Records provided:
=-=-=-=-=

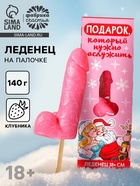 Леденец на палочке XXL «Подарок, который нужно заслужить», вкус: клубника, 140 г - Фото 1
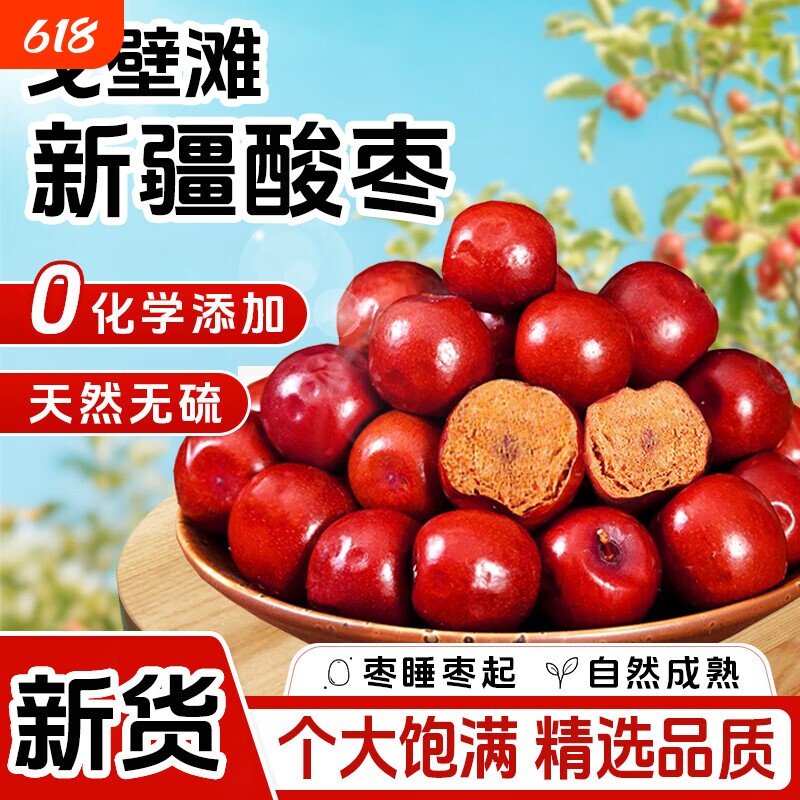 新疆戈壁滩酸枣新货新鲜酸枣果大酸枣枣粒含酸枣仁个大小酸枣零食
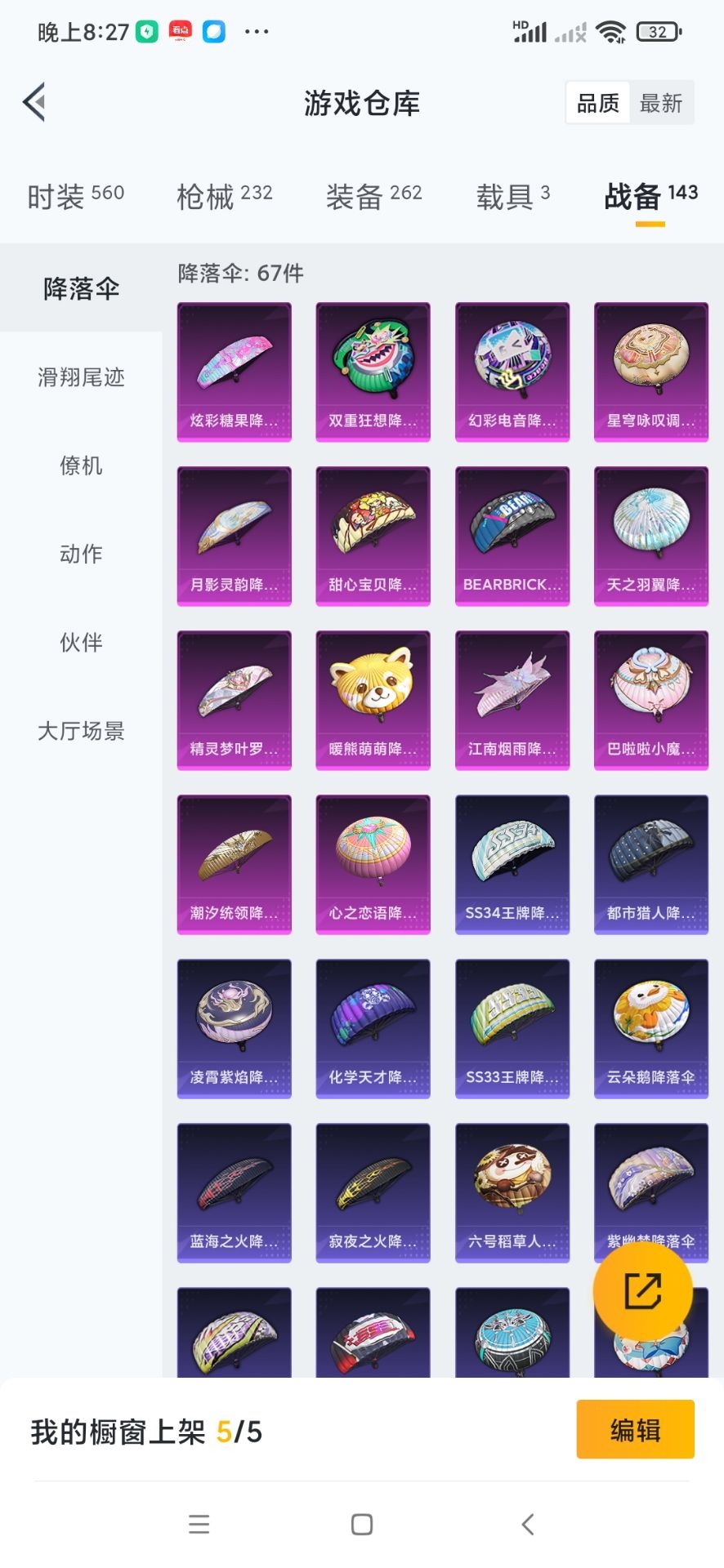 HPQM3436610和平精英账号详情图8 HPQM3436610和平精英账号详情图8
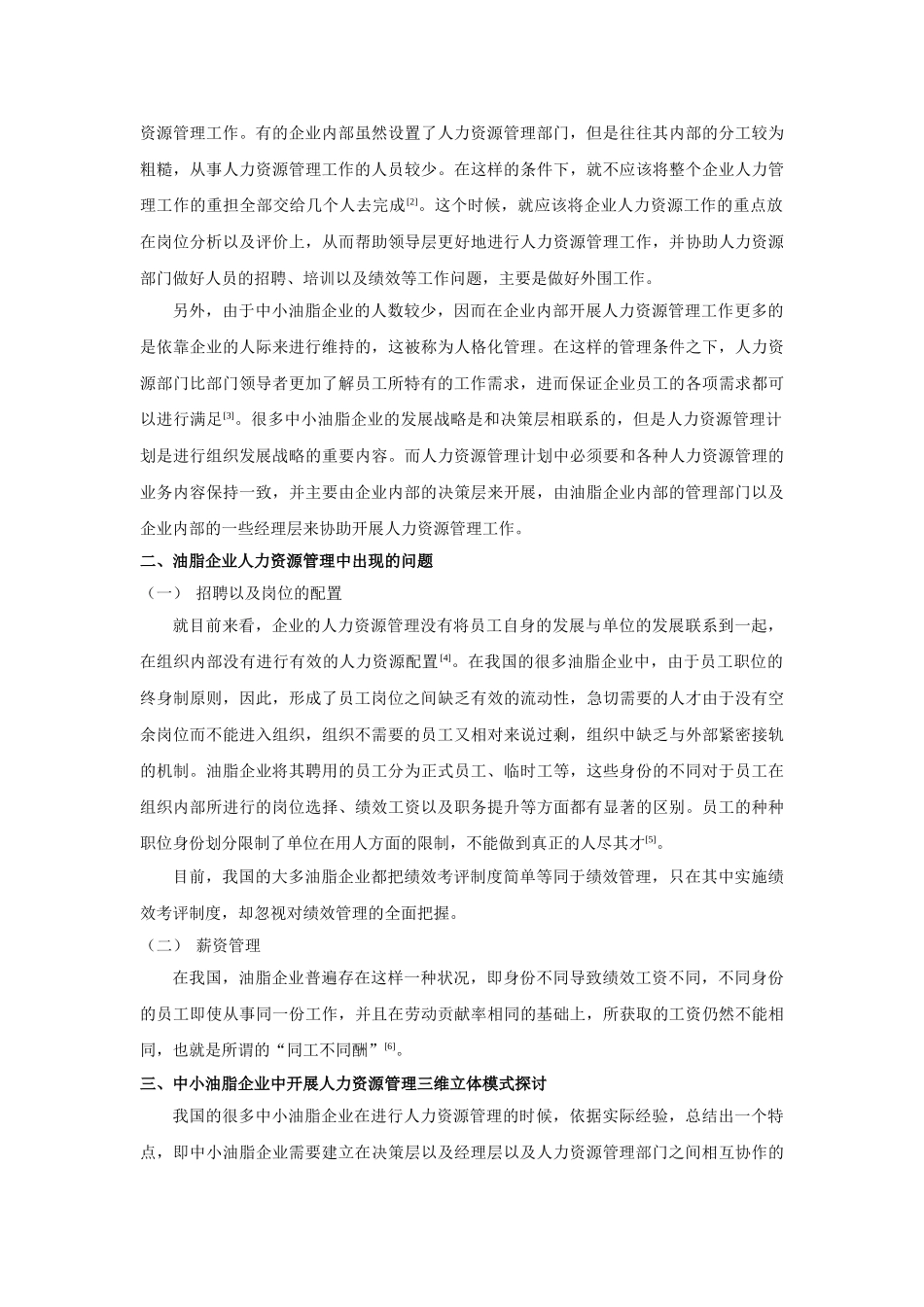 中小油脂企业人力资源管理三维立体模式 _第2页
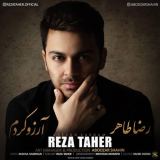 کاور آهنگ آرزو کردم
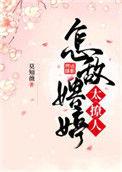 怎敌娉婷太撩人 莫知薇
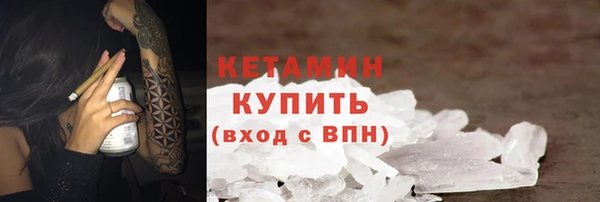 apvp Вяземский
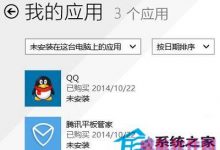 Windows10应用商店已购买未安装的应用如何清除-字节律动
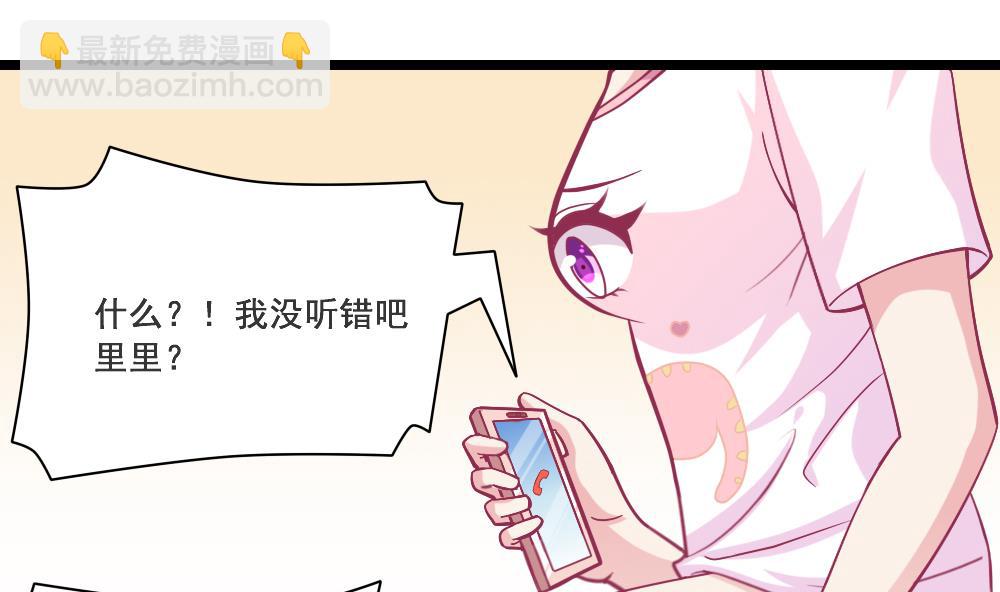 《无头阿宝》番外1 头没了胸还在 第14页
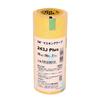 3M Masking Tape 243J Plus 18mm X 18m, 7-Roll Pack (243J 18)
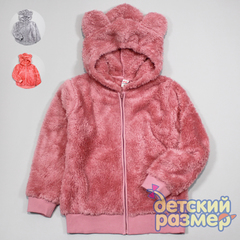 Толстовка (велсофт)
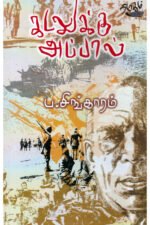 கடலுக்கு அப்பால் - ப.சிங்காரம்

=-=-=-=-=

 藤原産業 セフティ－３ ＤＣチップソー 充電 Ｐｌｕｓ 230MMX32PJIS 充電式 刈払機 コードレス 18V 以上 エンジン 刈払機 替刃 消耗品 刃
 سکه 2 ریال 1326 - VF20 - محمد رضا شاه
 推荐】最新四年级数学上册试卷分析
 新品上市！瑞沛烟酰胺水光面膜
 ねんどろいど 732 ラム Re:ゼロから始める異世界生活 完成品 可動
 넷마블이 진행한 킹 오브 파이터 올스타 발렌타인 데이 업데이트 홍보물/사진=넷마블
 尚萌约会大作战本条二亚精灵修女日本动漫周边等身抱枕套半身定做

=-=-=-=-=

Activity: A word-for-word reproduction is needed of the lines above from the line containing "新疆戈壁滩酸枣新货新鲜酸枣果大酸枣枣粒含酸枣仁个大小酸枣零食" through the line containing "கடலுக்கு அப்பால் - ப.சிங்காரம்", with both ends kept and no pictures.

Solved exercise:
 新疆戈壁滩酸枣新货新鲜酸枣果大酸枣枣粒含酸枣仁个大小酸枣零食
 HPQM3436610和平精英账号详情图8 HPQM3436610和平精英账号详情图8
 中小油脂企业人力资源管理三维立体模式 _第2页
 کاور آهنگ آرزو کردم
 怎敌娉婷太撩人 莫知薇
 apvp Вяземский
 Windows10应用商店已购买未安装的应用如何清除-字节律动
 《无头阿宝》番外1 头没了胸还在 第14页
 3M Masking Tape 243J Plus 18mm X 18m, 7-Roll Pack (243J 18)
 Толстовка (велсофт)
 கடலுக்கு அப்பால் - ப.சிங்காரம்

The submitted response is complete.